REUTLINGEN. »Reutlingen 2029 – Wie packst Du die Mobilitätswende an?« Mit dieser Fragestellung haben sich 25 Bürgerinnen und Bürger auf Einladung der Volkshochschule Reutlingen im Rahmen der Reihe »Baustellen der Demokratie« befasst. Menschen unterschiedlicher Altersgruppen wurden per Stichprobe aus dem städtischen Melderegister ausgesucht und zum Mitmach-Forum eingeladen, das die VHS mit Stadt und BUND organisiert hat.
Was die Bürger wollen, ist in einem Zehn-Punkte-Papier zusammengefasst, das sie gestern im Rathaus Verwaltungsvertretern und einigen wenigen interessierten Stadträten vortrugen. Zentrale Forderungen darin: gute Radwege, guter ÖPNV und Konzepte, in denen jedes Verkehrsmittel seine Berechtigung findet – in einer »gesunden Mischung. Eine Mobilität, die niemanden zurücklässt, Rücksicht insbesondere auf die Schwächsten nimmt und auch mit ökologischen Belangen in Einklang steht«. Die Altstadt gehört darin weitergehend Fußgängern und Radler, der Autoverkehr ist auf das notwendige – etwa den Lieferverkehr – reduziert.
Dagmar Langeneck trug die Vision vor, in der die Mobililitätswende gelungen ist, »in einer Stadt, die den Mut hatte, die Innenstadt zu einem stark autoreduzierten Superblock zu machen«. Viele Straßen sollen zu gleichberechtigten Straßen umfunktioniert werden, auf denen auch die schwächsten Verkehrsteilnehmer immer geschützt sind. Eine grüne Stadt soll entstehen, in der Obst und Gemüse angebaut werden.
Ein Fokus der Bürger liegt auffallend stark auch auf dem Zusammenhalt der Stadtgesellschaft: Man wünscht sich mehr Begegnungsräume, »in denen sich Menschen miteinander unterhalten, mehrsprachig, multikulturell und generationenübergreifend«.
Räte und Verwaltung waren begeistert von den Ergebnissen, die eine besondere Relevanz haben, weil die per Zufall ausgesuchten Teilnehmer eine »multiperspektivische Gruppe« bildeten, wie es VHS-Geschäftsführer Dr. Philipp Marquardt ausdrückte. Autofans, eingefleischte Radler, alles bunt gemixt – und so wurde hart gerungen, um gemeinsame Positionen zu finden. Die Teilnehmer selbst zeigten sich begeistert vom Format, das Dialog fördere und die Einsicht, dass man mit Schwarz-Weiß-Denken (auch) im Verkehrsbereich nicht weiterkommt. »Unglaublich hilfreich für uns«, fand Stefan Dvorak die Arbeit der Ehrenamtlichen.
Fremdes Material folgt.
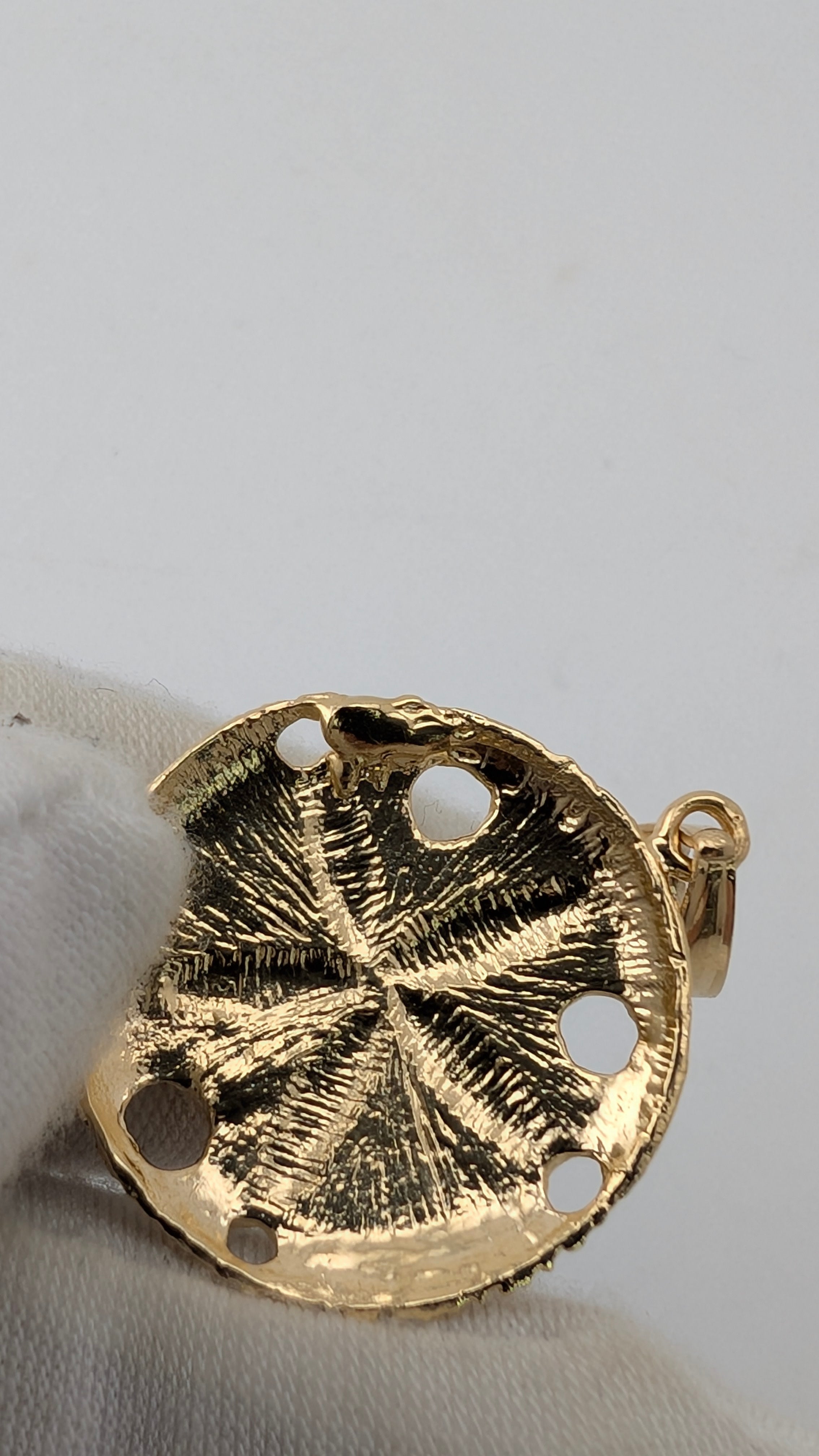 14K Yellow Gold Sand Dollar Pendant – Openwork Coastal Design | 3.57g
Der Leiter des Stadtplanungsamts hatte die Bürger auch mit auf einen Stadtspaziergang genommen und ihnen dabei »Orte des Gelingens« vorgestellt. »Die Wende geht langsamer als wir wollen«, verriet Baudezernentin Angela Weiskopf. Man müsse stets »dicke Bretter bohren«. (GEA)
SUPERBLOCK
Die Idee des Superblocks kommt aus Barcelona und basiert auf dem dort typischen schachbrettartigen Straßenmuster. In den betroffenen Blocks wird der Autoverkehr neu organisiert: Ein System von Diagonalsperren und Einbahnstraßen verhindert, dass das Wohnviertel durchquert werden kann. Fußgänger und Radfahrer haben Vorrang, Autos dürfen nur mit 10 bis 20 Stundenkilometern fahren. Bäume, Bänke: Aus Straßenraum entsteht Lebensraum. Die Zahl der lokaler Läden stieg um 30 Prozent. Auch in Deutschland trägt die Idee Früchte etwa in den »Kiezblocks« in Berlin. (GEA)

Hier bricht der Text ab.